POSEÍA EL PROFESOR Javier Marijuán, reciente y prematuramente fallecido, dos rasgos fundamentales que le caracterizaban como a pocos en su actividad profesional, que es la que como compañero suyo durante cerca de treinta años quisiera glosar en estas breves líneas. El primero, que era un amante radical del trabajo bien hecho. No había cometido que se propusiera –y luego hablaremos de algunos de los muchos que se marcó en su existencia– que no fuera enfocado bajo el prisma del rigor y la calidad. Se refiere el cantautor canadiense Leonard Cohen, al que él escuchaba a menudo, en una de sus más célebres canciones, a quienes “están oprimidos por las formas de la belleza”. Es posible que Javier, cada vez que oyera esa canción, desde sus años como estudiante en la Universidad de Valladolid, de la que luego fue profesor, pensara que él mismo se hallaba incluido en ese grupo de seres que no se conforman con cualquier cosa; merecedores, por cierto, no sé si de más admiración que respeto o viceversa. Es posible. Lo seguro es que si alguna vez ha existido un enemigo de la chapuza, ése fue él.
La segunda virtud de mi amigo Marijuán era su capacidad casi infinita para embarcarse en uno, otro y otro proyecto. Escribo de memoria, sin pretensión de exhaustividad, pero me vienen a la cabeza muchas de las empresas que Javier emprendió, siempre desde su condición de profesor de matemáticas en la Universidad Laboral de Cáceres. Había ganado dos premios nacionales Giner de los Ríos a la Innovación Educativa, así como otro, también de carácter nacional, relacionado con la música y la poesía; fue de los más activos organizadores, años atrás, de las primeras Escuelas de Verano de Extremadura, dedicadas a impulsar los entonces nacientes movimientos de renovación pedagógica; era coautor, con algún compañero de su departamento, de varios libros de texto; había desempeñado durante once años la dirección de un centro educativo —La Laboral— con más de 1300 alumnos... Y cuando, sin atender al reloj ni al calendario, ejercía en un cargo que le confería especial responsabilidad, como el último que he citado, no lo hacía desde el cómodo sillón de un despacho. Era capaz, por ejemplo, de subirse a un tejado defectuoso para comprobar por sus propios ojos qué obra había que acometer en él, y no se le caían lo anillos si viendo apurado al personal de comedor del instituto se ponía el primero, junto a ellos, a fregar platos.
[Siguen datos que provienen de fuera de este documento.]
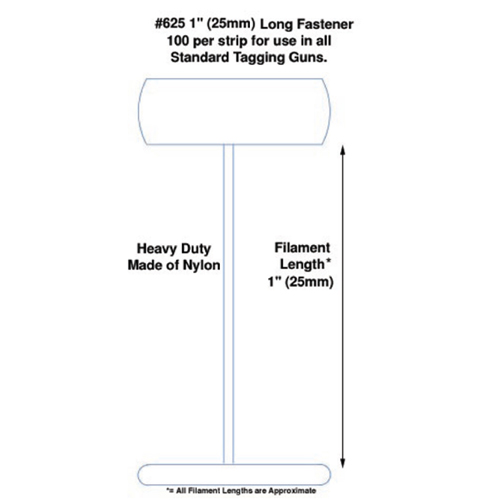 Tach-It Tagging Fasteners 625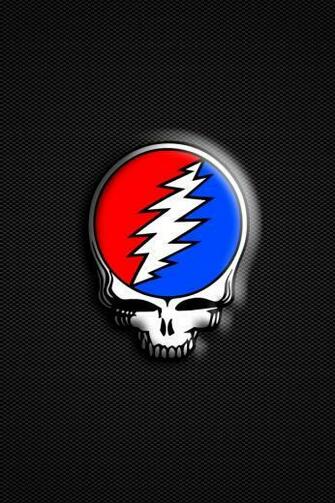 Free download Grateful Dead Skull iPhone HD Wallpaper iPhone HD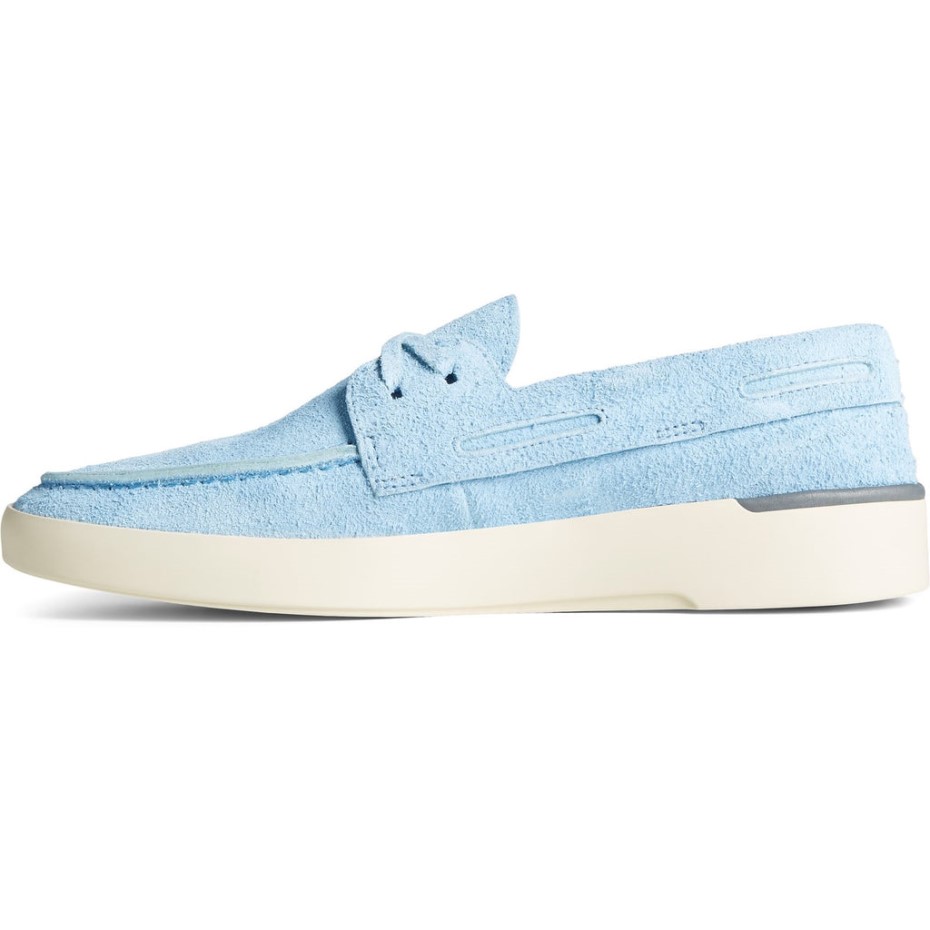Sperry Sperry X John Legend Plushwave - Zapato Náutico Para Hombre, Color Azul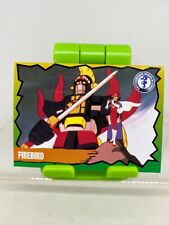 Firebird Calendarman Tatsunoko World Card 139 TCG Epoch Anime JAPAN 1996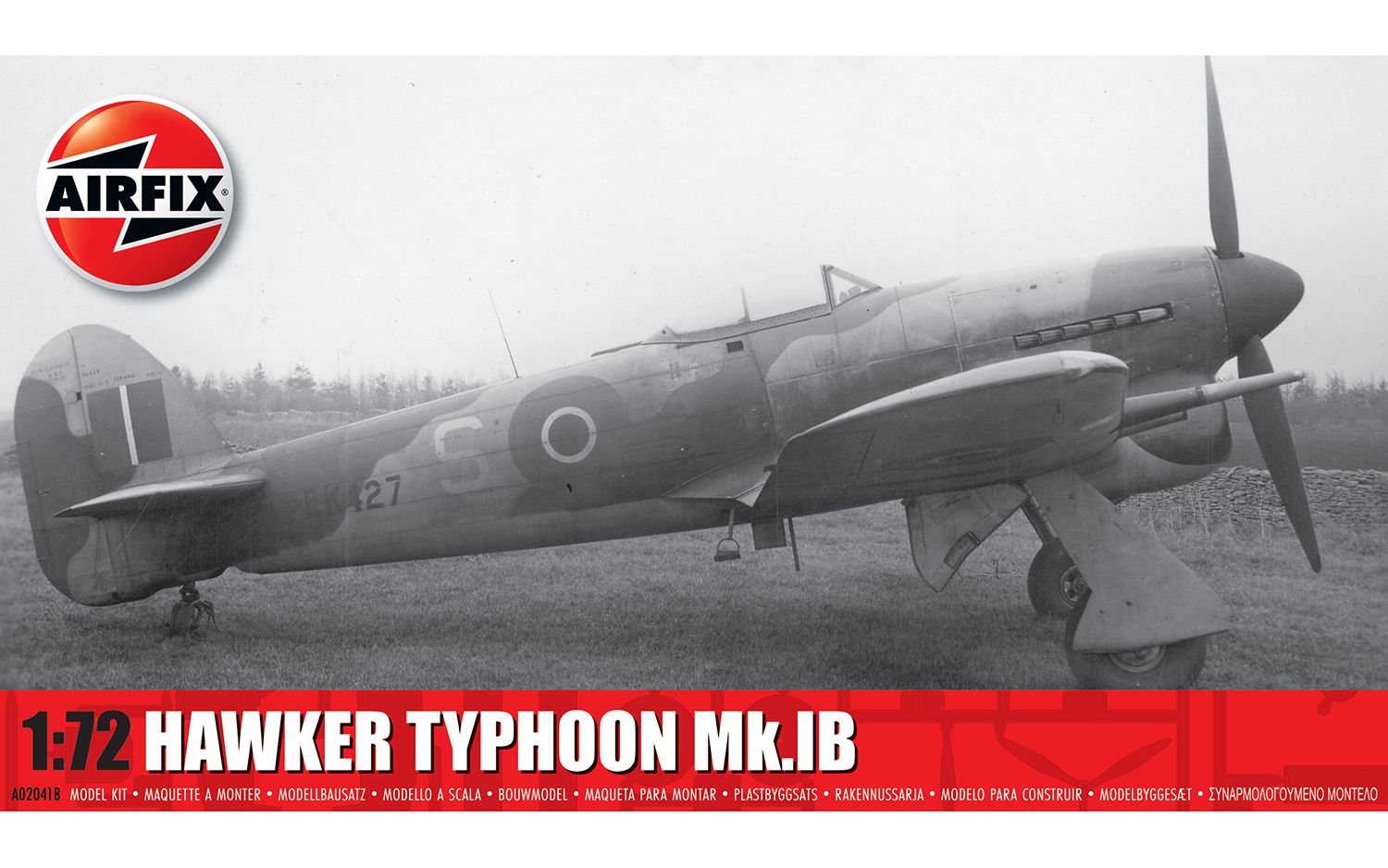 AIRFIX 1/72 Hawker Typhoon Mk.IB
Amante y difusor de la astronomía, de cuya enseñanza se encargó durante muchos cursos, supo contagiar esta pasión a compañeros y alumnos, hallándose muy ilusionado en los últimos tiempos con el proyectado planetario de Cáceres, cuya próxima construcción él mismo estaba propiciando... Recientemente, quiso acercarse a otra cara del complejo mundo de la educación, y hace unos meses obtuvo plaza como inspector técnico. Lo que más le gratificaba, en este su último puesto, era la oportunidad de conocer las necesidades de los colegios situados en pequeñas localidades rurales, esas a las que sólo llega la enseñanza pública. Porque era, y hay que decirlo abiertamente, un defensor a ultranza de todo lo público; pero sin poner nunca en riesgo, bajo ningún concepto, su radical independencia de criterio, su espíritu de hombre libre.
Escribí arriba que no quería ser exhaustivo y habré de cumplir mi propósito. Valga como colofón a estas urgentes líneas la manifestación de que si la valía de un hombre ha de medirse por la huella dejada en quienes lo hayan conocido, la del profesor Javier Marijuán ha sido tan grande que incluso él, tan exigente consigo mismo, no tendría más remedio que juzgarla de inmensa.